* Work instructions
Write out the entries below exactly, but only from the line containing "Saftiger Quark Ruhrkuchen" through the line containing "Kia Rio 1.2", and without the pictures.
(Dataset extract begins)
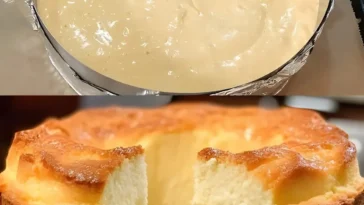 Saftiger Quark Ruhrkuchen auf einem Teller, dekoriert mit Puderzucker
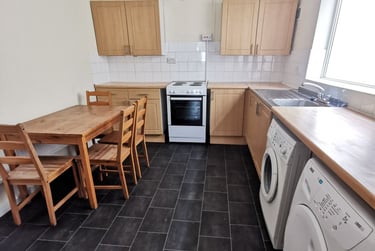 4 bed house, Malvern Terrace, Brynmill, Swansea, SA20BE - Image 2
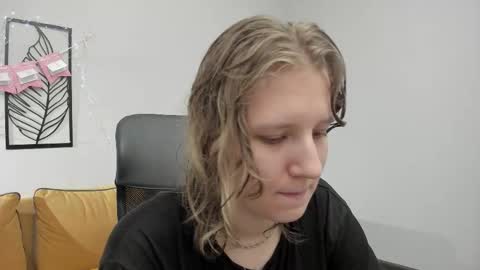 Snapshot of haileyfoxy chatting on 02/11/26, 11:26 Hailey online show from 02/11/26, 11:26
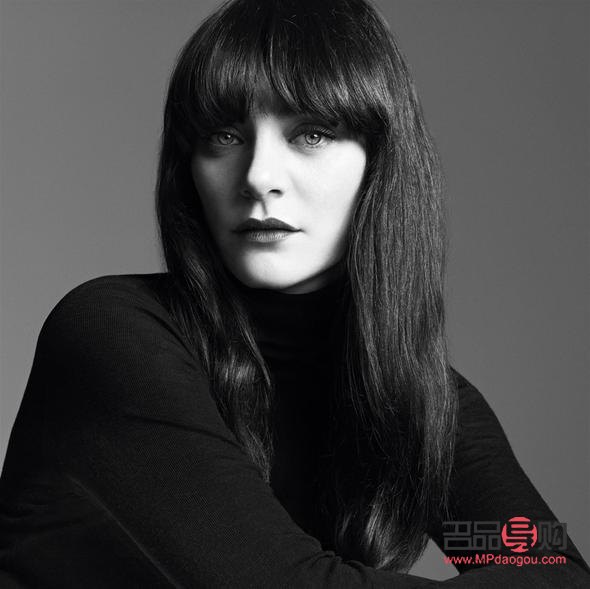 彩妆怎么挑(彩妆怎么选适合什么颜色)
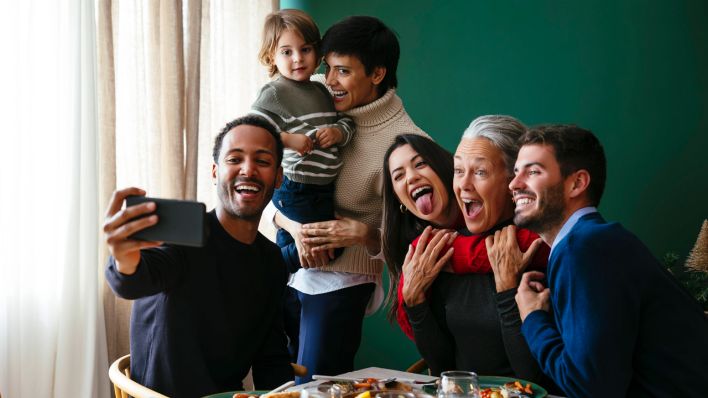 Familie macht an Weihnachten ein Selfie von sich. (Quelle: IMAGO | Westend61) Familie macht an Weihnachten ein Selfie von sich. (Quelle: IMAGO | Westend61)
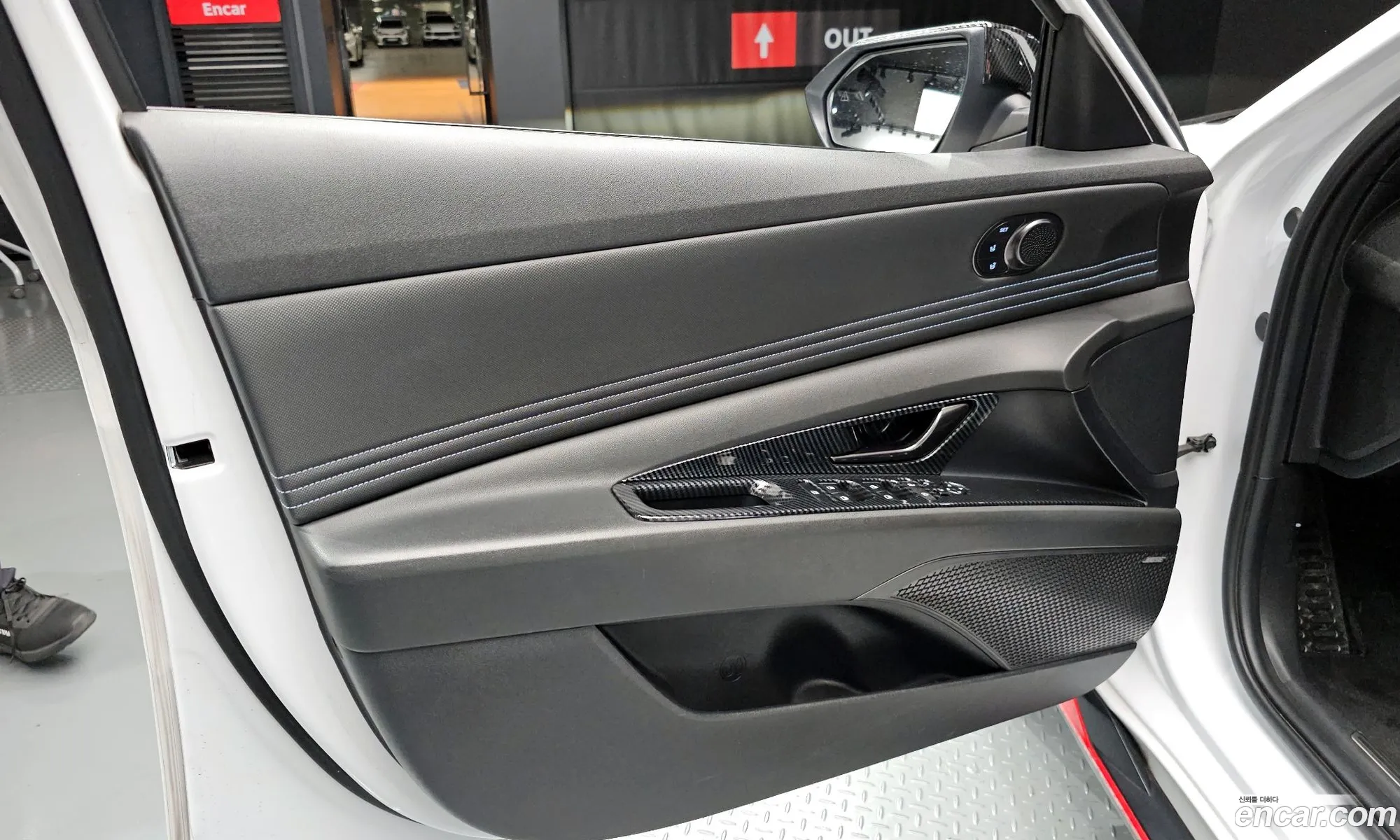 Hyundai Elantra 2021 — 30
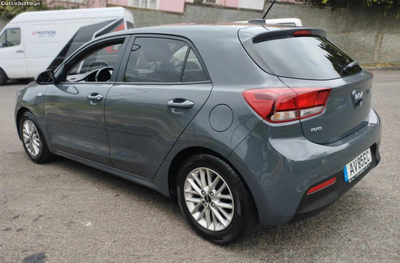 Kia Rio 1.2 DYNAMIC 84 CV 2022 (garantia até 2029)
(Dataset extract ends)
(Dataset extract begins)
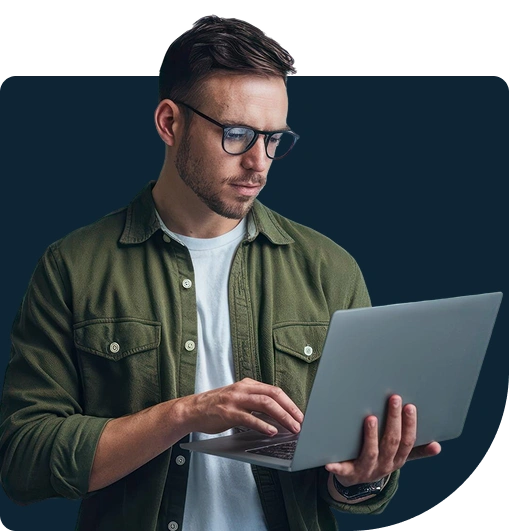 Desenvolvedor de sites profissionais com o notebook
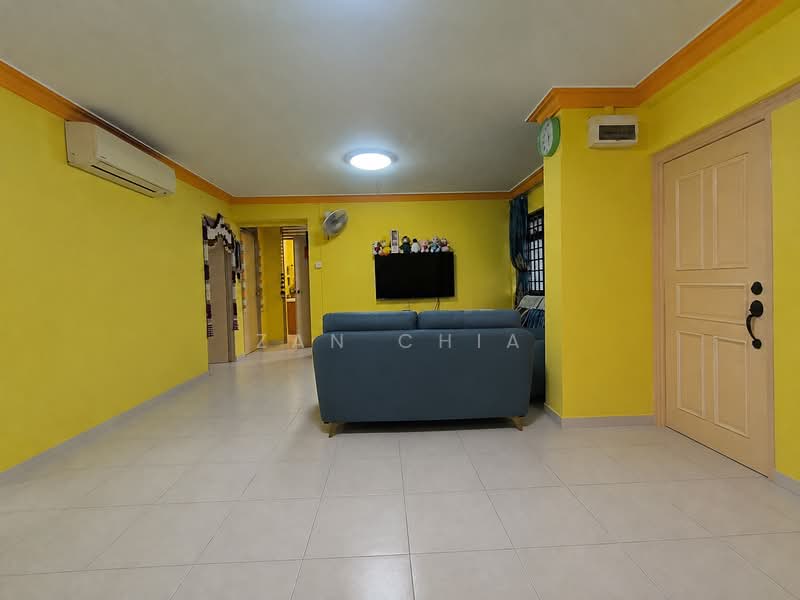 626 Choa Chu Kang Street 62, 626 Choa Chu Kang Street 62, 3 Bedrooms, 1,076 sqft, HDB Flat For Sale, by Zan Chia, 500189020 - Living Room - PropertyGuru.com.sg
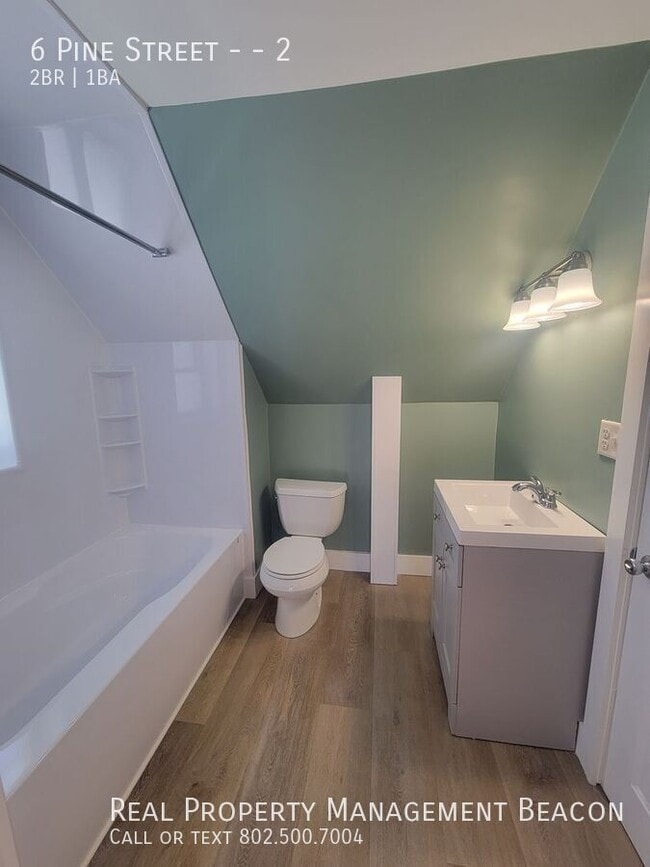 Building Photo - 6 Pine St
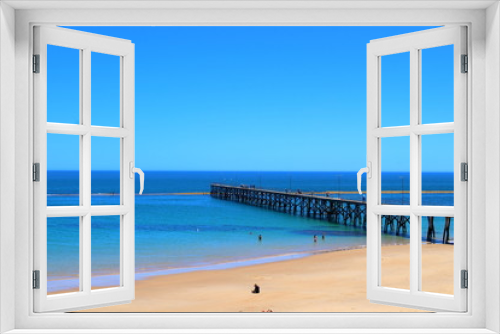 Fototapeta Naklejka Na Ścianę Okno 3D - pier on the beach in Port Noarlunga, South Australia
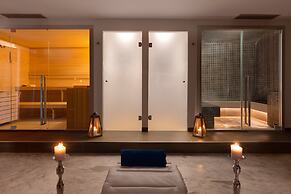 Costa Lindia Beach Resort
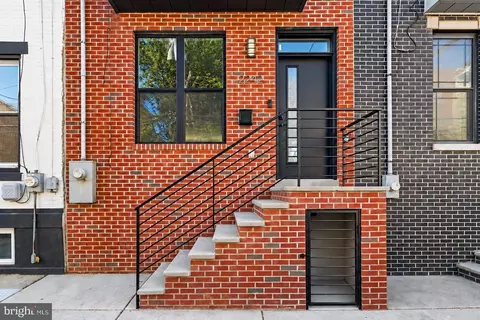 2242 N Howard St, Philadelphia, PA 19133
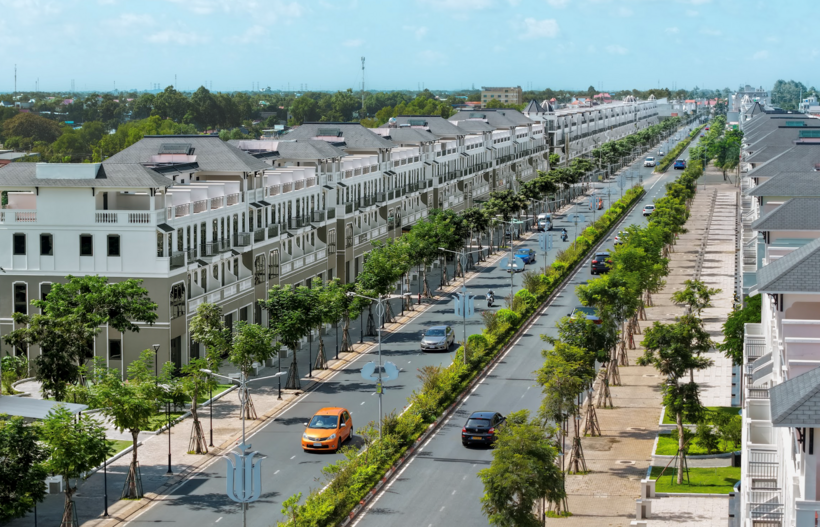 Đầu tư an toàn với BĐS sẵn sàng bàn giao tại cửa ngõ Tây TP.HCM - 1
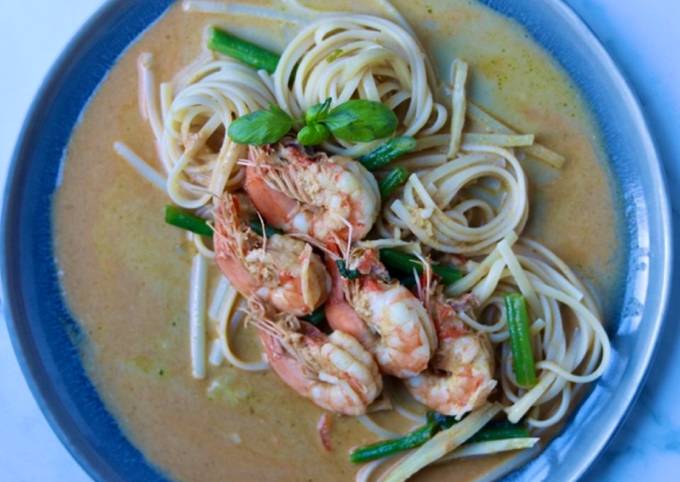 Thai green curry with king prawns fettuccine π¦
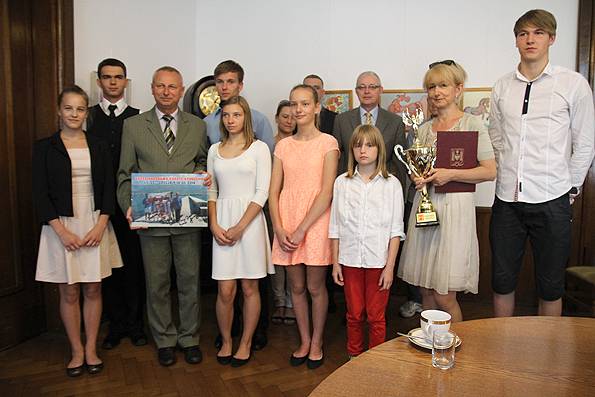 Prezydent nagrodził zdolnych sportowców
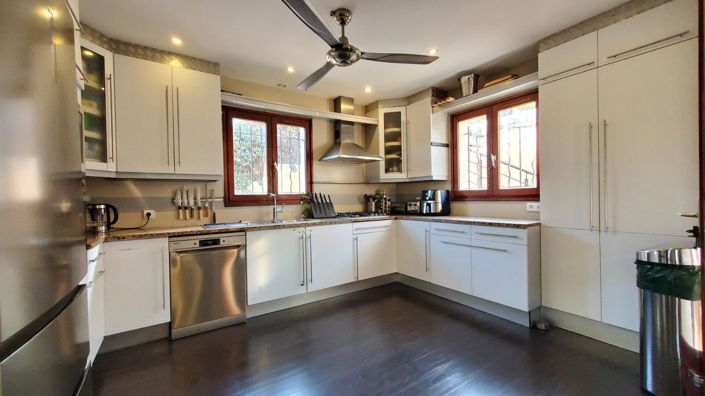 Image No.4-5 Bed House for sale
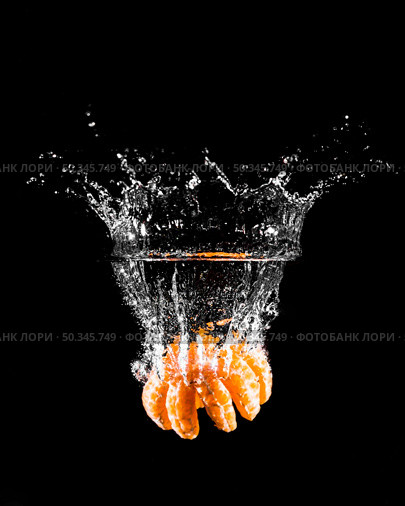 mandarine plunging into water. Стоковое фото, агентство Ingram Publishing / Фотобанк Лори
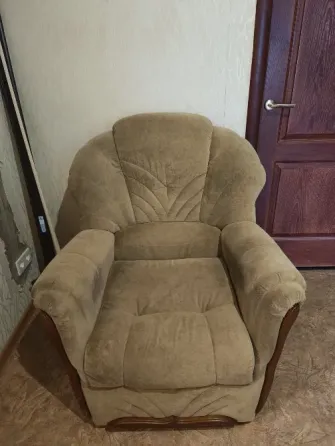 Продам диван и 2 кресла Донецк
(Dataset extract ends)
* Output for this task
 Saftiger Quark Ruhrkuchen auf einem Teller, dekoriert mit Puderzucker
 4 bed house, Malvern Terrace, Brynmill, Swansea, SA20BE - Image 2
 Snapshot of haileyfoxy chatting on 02/11/26, 11:26 Hailey online show from 02/11/26, 11:26
 彩妆怎么挑(彩妆怎么选适合什么颜色)
 Familie macht an Weihnachten ein Selfie von sich. (Quelle: IMAGO | Westend61) Familie macht an Weihnachten ein Selfie von sich. (Quelle: IMAGO | Westend61)
 Hyundai Elantra 2021 — 30
 Kia Rio 1.2 DYNAMIC 84 CV 2022 (garantia até 2029)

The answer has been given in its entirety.